**Instructions for the task:** Return the records, each one exactly as written.

*** Opening of Supplied records ***

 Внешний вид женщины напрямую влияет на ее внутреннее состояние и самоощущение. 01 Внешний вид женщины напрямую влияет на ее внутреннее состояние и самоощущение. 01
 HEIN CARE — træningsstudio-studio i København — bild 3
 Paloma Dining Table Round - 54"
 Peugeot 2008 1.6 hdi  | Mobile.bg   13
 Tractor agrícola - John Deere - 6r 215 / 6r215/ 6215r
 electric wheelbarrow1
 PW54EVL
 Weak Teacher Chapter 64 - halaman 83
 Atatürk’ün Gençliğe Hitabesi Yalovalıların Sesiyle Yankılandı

*** Close of Supplied records ***

**Solution to this exercise:**
 Внешний вид женщины напрямую влияет на ее внутреннее состояние и самоощущение. 01 Внешний вид женщины напрямую влияет на ее внутреннее состояние и самоощущение. 01
 HEIN CARE — træningsstudio-studio i København — bild 3
 Paloma Dining Table Round - 54"
 Peugeot 2008 1.6 hdi  | Mobile.bg   13
 Tractor agrícola - John Deere - 6r 215 / 6r215/ 6215r
 electric wheelbarrow1
 PW54EVL
 Weak Teacher Chapter 64 - halaman 83
 Atatürk’ün Gençliğe Hitabesi Yalovalıların Sesiyle Yankılandı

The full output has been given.